Wee then cut back 1 year ago to see Jeong-Hwan at work. He has a whole team at his fingertips – two in fact – and he manages to blackmail one of the workers at GK with incriminating evidence of him having an affair. As fate would have it, he happens to be working at the very same spy detective agency Joo-Eun phoned originally.
A woman named Sophia Chung (who’s really Bok-Gi) arrives and hires Jeong-Hwan to find a guy called Edward Kim. Looks can be deceiving though – a common theme in this drama – and despite the run-down setting he’s apparently the best spy in town.
It’s a complicated plan in truth, one that involves players at GK itself in on what’s going on. He seems to be working with them, with the ones at the top pulling the strings and finding targets to go after. He shows a picture of Jae-Sook Kim to General Manager Kim and it appears this man is an arsonist.
From here, we cut back to 2008 for a brief flashback. Kim Jae-Wook was known as Edward and he starts a fire in the woods with the intent of hitting a phone company. As they leave the crime scene, Edward is gleeful over what he’s done but Jeong-Hwan seems to be getting cold feet over what he’s got himself mixed up in.

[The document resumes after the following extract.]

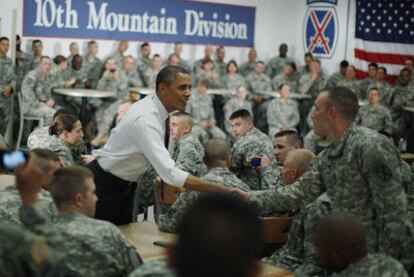 El presidente de EE UU, Barack Obama, felicita a un grupo de soldados en la base de Fort Drum, en Nueva York.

As he heads out for a drink with this General Manager, he’s encouraged to marry and settle down. This is, of course, to make sure he blends in and doesn’t stand out in a sea of other people. Given he’s currently dating Joo-Eun this appears to be why he’s suddenly decided to marry her.
He’s caught in the middle of this big scheme with GK and they’re convinced that what they do is helping move the country forward. Although Jeong-Hwan is a scammer, he’s part of something much bigger involving murder and a staged suicide. The witness to this – Yoon-Kyeong – was also found dead in the river.
There’s a brief glimmer of 2019, with Jeong-Hwan breaking into someone’s garden but it’s a fractured scene and unclear exactly what’s going on here. I’m sure we’ll find out more in the upcoming episodes.
As we skip forward to 2020, Detective Kim rings Joo-Eun and brings her into the police station. As she shows up, news breaks that Jeong-Hwan has been involved in a car accident 10 days prior. This car crashed into a guard rail and tumbled down to the ground. His ID card and several belongings appear to point that it’s definitely him that’s died… but is he really?
The Episode Review
You can’t trust anything we’re told in Private Lives, especially if the previous two episodes are anything to go by. Personally, I think Jeong-Hwan may well have fabricated his death to try and escape the vicious cycle of GK who seem to be ruling over everyone.
The drama is pretty decent though and it’s definitely interesting to see his side of the story. The actual hierarchy and what’s happening at GK is still a bit confusing – perhaps intentionally – and the back-and-forth time jumps feel intentionally obsfucated to make things difficult to piece together.
This week abandons the humour completely too, in favour of a more straightforward and structured espionage noir. It’s not a bad thing but tonally this show hasn’t quite settled into a consistent rhythm just yet. It’ll be interesting to see quite where that falls in the upcoming episodes.
Still the ending leaves things open and the puzzle-box editing means we still haven’t got the whole story surrounding the past for these two protagonists. What does the future hold for these two? Only time will tell!